Holley graduated from Hazelwood Central High School in 2002. She attended Cold Water Elementary and Hazelwood Junior High, now known as Hazelwood Northwest Middle School. She has a bachelor’s degree from Truman State University. She completed a Fulbright grant at the Albert-Ludwigs-Universität Freiburg. She has a master’s degree in musicology from the University of Illinois, and a graduate minor in European Union studies at University of Illinois, Urbana-Champaign.
She is studying musicology as a Ph.D. student at the University of Illinois, Urbana-Champaign.
“Simply put, musicology is the study of music. Instead of performing or teaching music, I study and teach the history and stories of music makers,” said Holley. “Some scholars in my field research particular composers, such as Beethoven or the Beatles, while others examine contemporary music cultures and people groups scattered throughout the world.”
She and her husband, Benjamin, just moved to San Diego, where he will start a new job. At the end of August, she is leaving the country as part of her studies. She is a recipient of the Humboldt Foundation’s German Chancellor Fellowship for Future Leaders.
“I am going to Germany for one year to collect data for my Ph.D. dissertation. My dissertation is titled ‘Singing the European Union: Cultural Policy and its Constituent Voices in Germany.’ My year includes making connections with arts organizations throughout Germany and attending music events that have received funding from the European Union. I will also complete interviews with those involved in planning the events, and especially with the musicians and composers participating in these events,” she explained.
“To fund my year abroad, I applied for numerous fellowships. I received the Humboldt Foundation’s German Chancellor Fellowship for Future Leaders, which is awarded to only 10 individuals from the United States each year. In addition, the Humboldt Foundation also provides many professional activities and briefings for its fellows,” said Holley.
Her journey through music and culture started years ago.
“I had extremely supportive teachers throughout all 13 years as a student in Hazelwood schools. Through their encouragement, I was always challenged to do my best and to try new things. Activities that influenced me the most included participating in music during high school, and taking German. Darlene Schroeder, my high school German teacher, organized an exchange with a school in Hamburg, allowing my family and I to host our first exchange students,” she said.
“My trip to Germany after 10th grade sparked my intense interest in all things German. Now I am nearly fluent in German and will be returning to Europe for the ninth time for my fellowship.”
Holley’s enjoyment of music goes beyond research; it includes playing instruments and singing.
“I have always valued the high one has when performing with others. I grew up playing the flute, but switched to singing in high school. I still enjoy performing in choirs of various forms, and I have had the opportunity to make music with many close friends. Music has the power to bring individuals together, and I appreciate getting to research that in graduate school. Studying music making has been an exciting and fascinating experience!”
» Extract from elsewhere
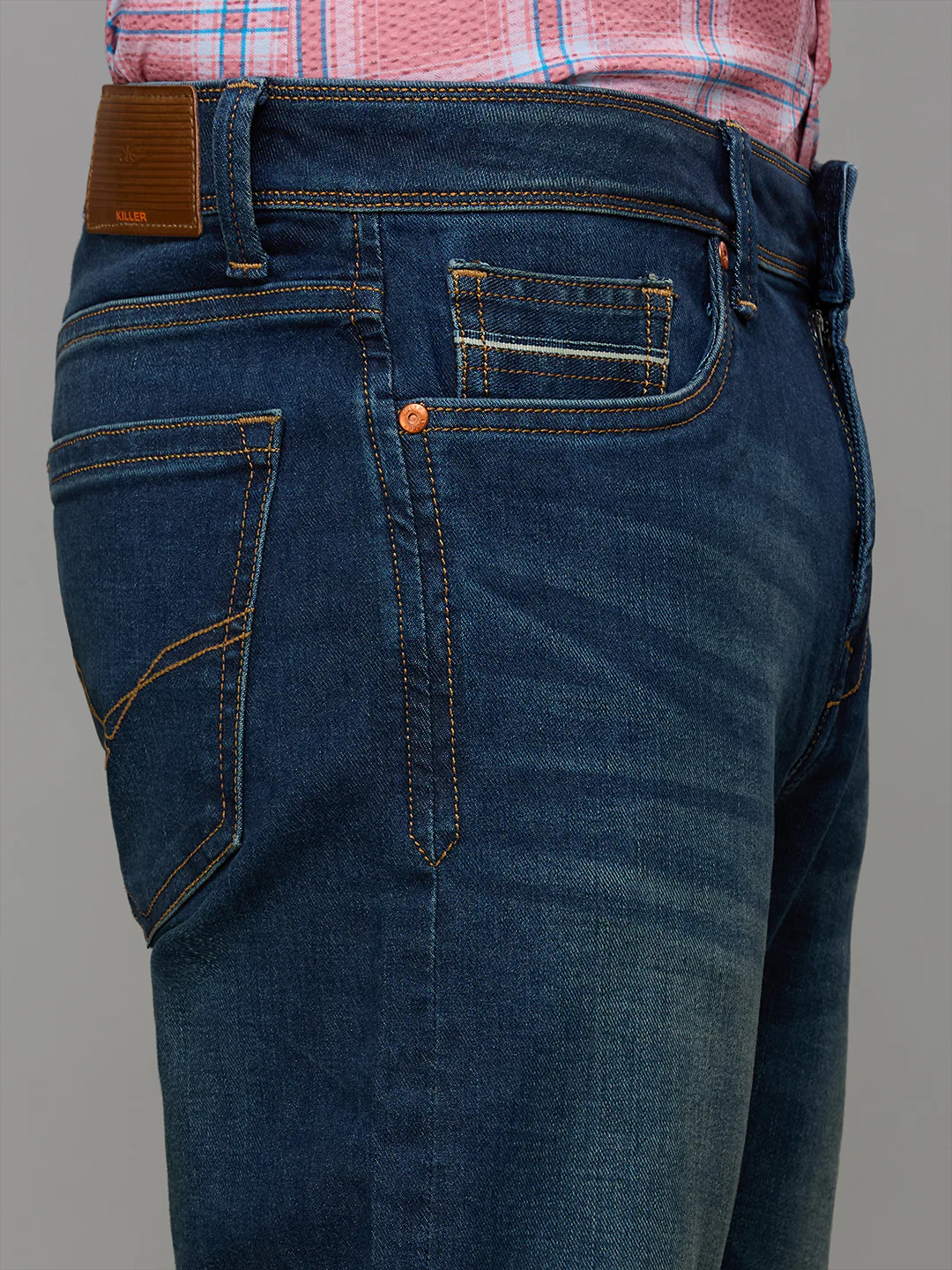 Men's Dark Blue Slim Fit Jeans - Image 5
“Once I complete my dissertation, I plan on applying for university professor positions,” said Holley. “I will continue to conduct research on my topic, and I hope to continue performing with amateur choirs. I am keeping my options open, and I would be happy working in university administration or as a specialist on cultural policy and contemporary Europe.”
When asked if she had any words of wisdom to share with students in the District, Holley noted the importance of family and learning another language.
“I would encourage current students to do two things. First, don’t neglect spending time with people, especially family, in person, in addition to remaining electronically connected to social networks. You are learning life skills as you interact with people face to face. Even in our hyper-connected, technology-driven society, those who are personable, honest, and pleasant to talk with in person will go furthest in this highly competitive work climate.
“Second, take a foreign language, and complete as many years in school as you can. The ability to speak a second, or third, language is invaluable, and learning about a different culture and language is often a student’s first experience with a foreign environment. Even for students who are not college-bound, being able to speak another language puts one leaps and bounds beyond colleagues and competitors on the job market,” said Holley.
Her brother, Joseph Gordon, graduated from Hazelwood Central in 2003. He is completing a doctorate in religious studies with a concentration in systematic theology and ethics at Marquette University. He has a master’s of divinity from the seminary at Lincoln Christian University. He has a bachelor’s degree from Johnson University.
Their parents, Marie and David Gordon, reside in Florissant.